The pillars of the framework have numerous holes, so that the plough can be raised or lowered, that the share may dig deep or shallow. Then there is the "cock-pin," the "road-bat" (a crooked piece of wood), the "sherve-wright" (so pronounced)—shelvewright (?)—the "rist," and spindle, besides, of course, the usual coulter and share. When the oxen arrive at the top of the field, and the first furrow is completed, they stop, well knowing their duty, while the ploughman moves the iron rist, and the spindle which keeps it in position, to the other side, and moves the road-bat so as to push the coulter aside. These operations are done in a minute, and correspond in some degree to turning the rudder of a ship. The object is that the plough, which has been turning the earth one way, shall now (as it is reversed to go downhill) continue to turn it that way. If the change were not effected when the plough was swung round, the furrow would be made opposite. Next he leans heavily on the handles, still standing on the same spot; this lifts the plough, so that it turns easily as if on a pivot.

Then the oxen "jack round"—that is, walk round—so as to face downhill, the framework in front turning like the fore-wheels of a carriage. So soon as they face downhill and the plough is turned, they commence work and make the second furrow side by side with the first. The same operation is repeated at the bottom, and thus the plough travels straight up and down, always turning the furrow the same way, instead of, as in the valleys, making a short circuit at each end, and throwing the earth in opposite directions. The result is a perfectly level field, which, though not designed for it, must suit the reaping-machine better than the drain furrows and raised "lands" of the valley system.
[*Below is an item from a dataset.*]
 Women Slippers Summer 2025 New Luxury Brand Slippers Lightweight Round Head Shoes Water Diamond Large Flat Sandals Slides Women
It is somewhat curious that the steam plough, the most remarkable application of machinery to agriculture, in this respect resembles the village-made wheel plough. The plough drawn by steam power in like manner turns the second furrow side by side into the first, always throwing the earth the same way, and leaving the ground level. This is one of its defects on heavy, wet land, as it does not drain the surface. But upon the slopes of the Downs no drains or raised "lands" are needed, and the wheel plough answers perfectly.

So perfectly, indeed, does it answer that no iron plough has yet been invented that can beat it, and while the valleys and plains are now almost wholly worked with factory-made ploughs, the South Downs are cultivated with the ploughs made in the villages by the wheelwrights. A wheelwright is generally regularly employed by two or three farms, which keep him in constant work. There is not, perhaps, another home-made implement of old English agriculture left in use; certainly, none at once so curious and interesting, and, when drawn by oxen, so thoroughly characteristic.
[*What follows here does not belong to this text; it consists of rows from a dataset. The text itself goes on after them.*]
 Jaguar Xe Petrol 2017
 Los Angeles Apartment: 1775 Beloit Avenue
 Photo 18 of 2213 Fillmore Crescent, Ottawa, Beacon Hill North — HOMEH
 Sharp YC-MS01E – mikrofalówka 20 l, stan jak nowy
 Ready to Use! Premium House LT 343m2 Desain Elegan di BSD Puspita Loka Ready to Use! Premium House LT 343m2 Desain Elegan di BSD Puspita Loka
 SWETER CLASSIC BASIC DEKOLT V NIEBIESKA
Under the September sun, flowers may still be found in sheltered places, as at the side of furze, on the highest of the Downs. Wild thyme continues to bloom—the shepherd's thyme—wild mignonette, blue scabious, white dropwort, yellow bedstraw, and the large purple blooms of greater knapweed. Here and there a blue field gentian is still in flower; "eggs and bacon" grow beside the waggon tracks. Grasshoppers hop among the short dry grass; bees and humble-bees are buzzing about, and there are places quite bright with yellow hawkweeds.
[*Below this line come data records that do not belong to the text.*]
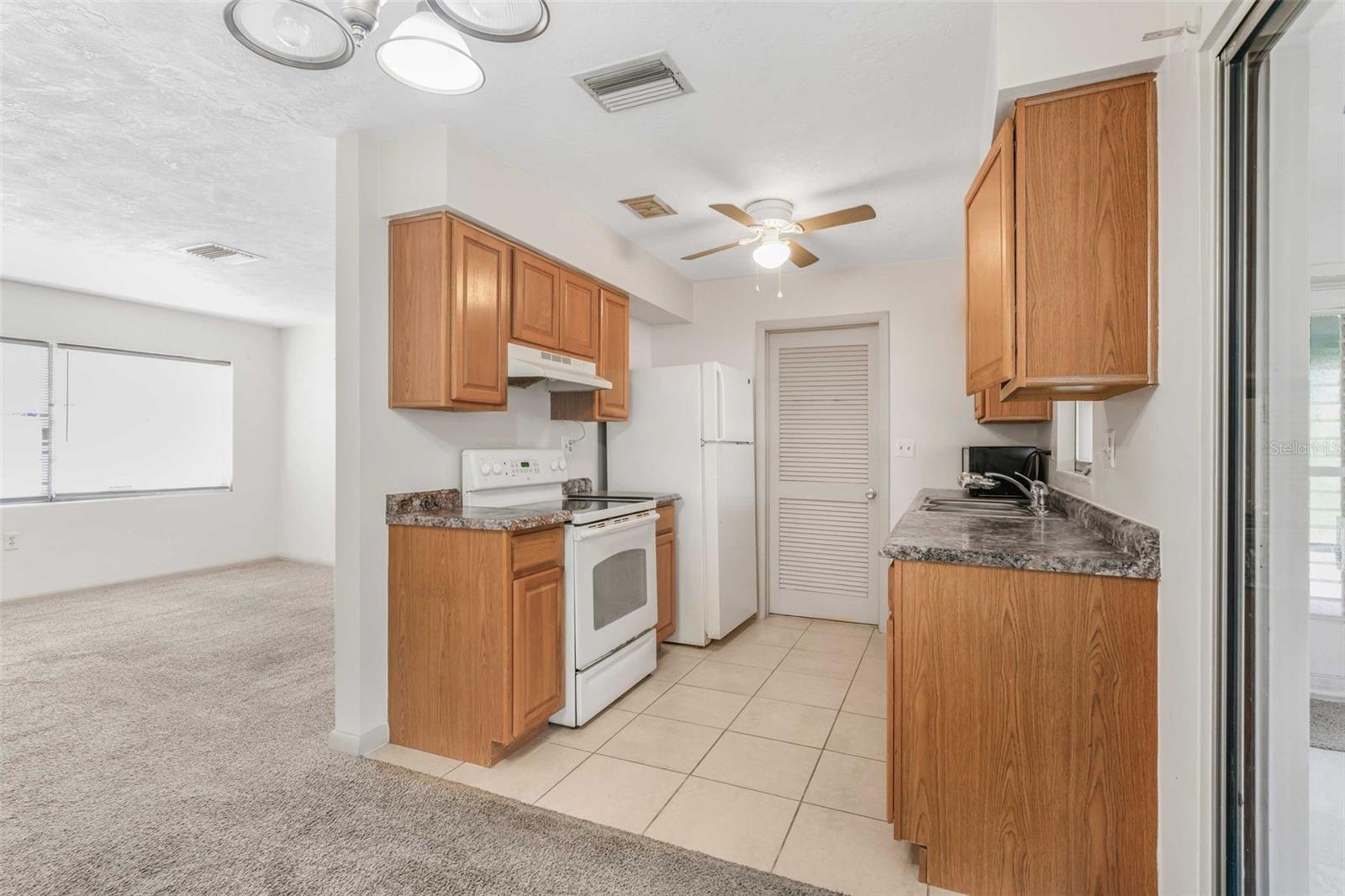 Image 11 of 56 For 76 Jefferson Street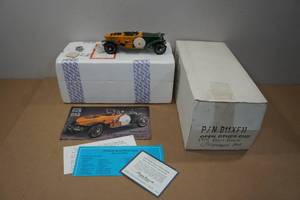 lot 43 image: Franklin Mint 1914 Rolls-Royce Silver Ghost Die-Cast Model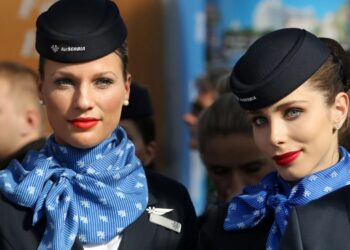 Για ποιον (πολύ σοβαρό) λόγο που μας αφορά, οι αεροσυνοδοί φορούν κόκκινο κραγιόν;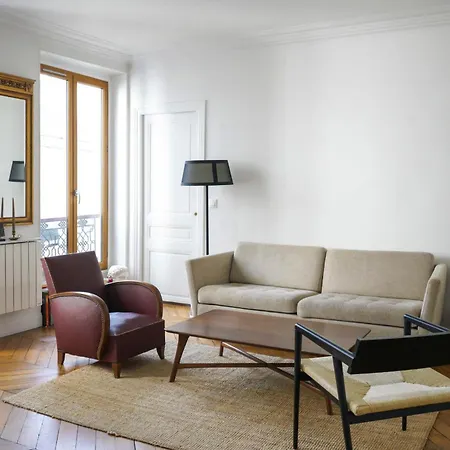 Apartment Atypical Parisian Near Belleville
The furze is everywhere full of finches, troops of them; and there are many more swallows than were flying here a month since. No doubt they are on their way southwards, and stay, as it were, on the edge of the sea while yet the sun shines. As the evening falls the sheep come slowly home to the fold. When the flock is penned some stand panting, and the whole body at each pant moves to and fro lengthways; some press against the flakes till the wood creaks; some paw the dry and crumbling ground (arable), making a hollow in which to lie down.

Rooks are fond of the places where sheep have been folded, and perhaps that is one of the causes why they so continually visit certain spots in particular fields to the neglect of the rest.